A witness saw Hedrick carrying a shovel very close to Halfway Creek Road and United Drive, where Watson’s GMC Envoy became engulfed in flames just before 6 p.m. Feb. 7.

Hedrick, who fatally shot himself Friday just after Watson was reported missing, was involved in her disappearance, according to the Mount Pleasant Police Department.

The sheriff’s office planned to conduct an aerial search of the forest today.

Police were told that Hedrick hitched a ride that day to the couple's North Creek Drive home in Mount Pleasant after leaving the forest. The 34-year-old shot himself in his bedroom Friday after speaking to investigators about the missing person's case, officials said.

Charleston County Coroner Ray Wooten on Tuesday ruled the death a suicide.

Watson and Hedrick were last seen together Feb. 6, leaving Boone, N.C., where they had been visiting Watson's mother. Mount Pleasant Police Chief Harry Sewell said the couple had an argument in Boone about the upcoming wedding. One friend told The Post and Courier that Watson was backing out of the wedding.

Sewell said a witness positively identified Hedrick coming out of the woods with a shovel. He said investigators described Hedrick as being calm when he was asked about his fiancee's whereabouts.

Two friends were outside the couple's home Friday when they heard the shot that ended Hedrick's life. The friends wanted to speak to him about Watson's disappearance.

One friend, Patrick O'Neil, said "something was eating at" Hedrick in the days before he shot himself.

Friends and co-workers knew the situation was desperate when the couple didn't show up at their workplaces early last week. In telephone conversations with O'Neil, Hedrick refused to meet for dinner or discuss whatever was bothering him.

O'Neil, of Mount Pleasant, went to Hedrick's house in the RiverTowne subdivision Friday afternoon and knocked, but there was no answer.

He said he saw a car in the garage packed with clothes. O'Neil said he thought about breaking into the home, but hesitated to do so.

Then, a gunshot.

O'Neil and a friend smashed a back door's window and ran to the master bedroom. They found Hedrick lying on the bed. He had a bullet wound in his head.

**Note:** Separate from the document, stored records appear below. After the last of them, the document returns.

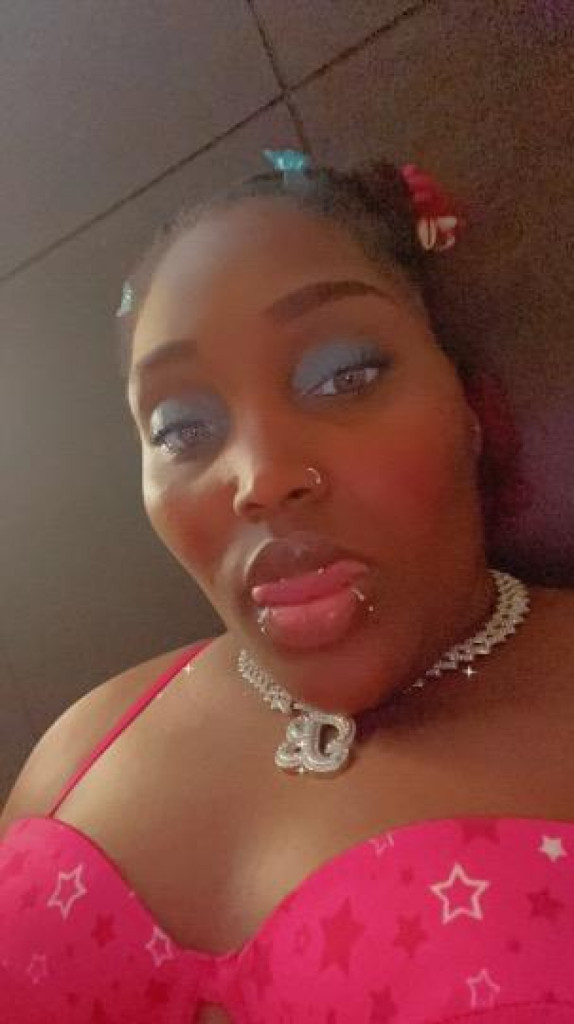 Profile picture 7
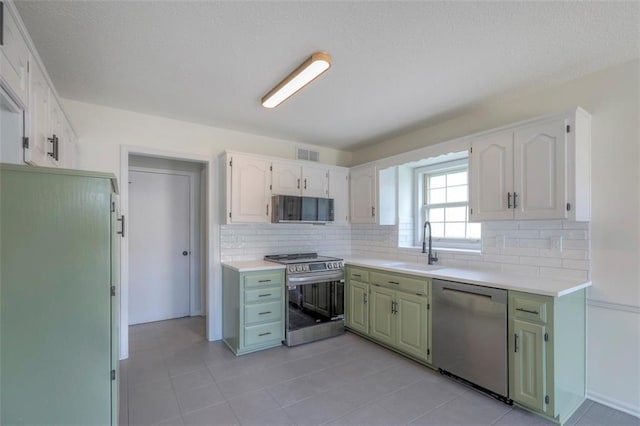 629 Adams Dr NE, Lees Summit, MO 64086 - photo 13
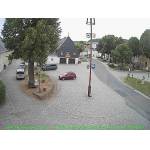 2022-07-26-07-08-Uhr.jpg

Watson's sister and her boss at Verge Solutions said they received text messages early in the week from Watson's phone, but that the texts ceased later in the week. Investigators believe Hedrick sent the messages.

The couple had dated since April 2008 and became engaged last month, O'Neil said.

Both were dedicated workers for their employers.

Hedrick had been a bartender at the Carolina Yacht Club in 2005 when a company official from Palmetto Surety Corp. offered him a marketing job, according to several sources. By 2008, he had assumed the role as the Daniel Island company's president and CEO.

Frances Jenkins, a bail bondsman underwritten by Palmetto Surety, said she had trouble contacting Hedrick for a bond approval in the last few weeks.

Like many who knew the couple, Jenkins thought Watson and Hedrick were simply late getting back in town after Super Bowl weekend.

"When I heard he didn't show up at the office, it didn't seem like David," she said. "I was actually mad. ... It was an odd set of circumstances."

Jenkins held out hope Tuesday that Watson would be found safe as police called for residents to continue phoning in tips.

"It was a shock. David was a happy person," Jenkins said. "Now, I'm just really concerned about her."

O'Neil said that of his 20 closest friends, Watson and Hedrick were always the happiest.

They had lucrative jobs. They threw parties at their Mount Pleasant house. And they traveled. They recently returned from a vacation to Egypt, and they planned a wedding in Fiji.

When they started to argue, they would quickly replace their anger with laughter.

"They were such good people. They were successful," O'Neil said. "But he was just very distraught (last week). He said they got in a fight, and she didn't want to get married."